Vittorio Mangano fu indicato sia da Buscetta che da Contorno come uomo d’onore appartenente a Cosa nostra, l’uomo d’onore della famiglia di Pippo Calo’, cioe’ di quel personaggio, capo della famiglia di Porta Nuova, della quale originariamente faceva parte lo stesso Buscetta.

Si accerto’ (ma questo gia’ risultava dal procedimento precedente che avevo istruito io, e risultava anche dal cosiddetto procedimento Spatola che Falcone aveva istruito negli anni immediatamente precedenti al maxiprocesso) che Vittorio Mangano risiedeva abitualmente a Milano citta’ da dove, come risulto’ da numerose intercettazioni telefoniche costituiva il terminale per il traffico di droga che conducevano le famiglie palermitane.
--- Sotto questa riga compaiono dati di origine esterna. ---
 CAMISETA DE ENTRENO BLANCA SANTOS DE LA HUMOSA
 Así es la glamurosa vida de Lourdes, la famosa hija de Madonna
Vittorio Mangano - se ci vogliamo limitare a quelle che furono le emergenze probatorie piu’ importanti - risulta l’interlocutore di una telefonata intercorsa fra Milano e Palermo nel corso della quale lui conversando con un alto personaggio delle famiglie mafiose palermitane preannuncia o tratta l’arrivo di una partita di eroina chiamata alternativamente, secondo il linguaggio convenzionale che si usa nelle intercettazioni telefoniche, come magliette o cavalli.

Questa tesi dei cavalli che vogliono dire droga fu asseverata dalla nostra ordinanza istruttoria e che poi fu accolta in dibattimento, tant’e’ che Mangano fu condannato al dibattimento al maxiprocesso per traffico di droga.

Dell’Utri non e’ stato imputato al maxiprocesso per quanto io ne ricordi, so che esistono indagini che lo riguardano, lo riguardano insieme a Mangano."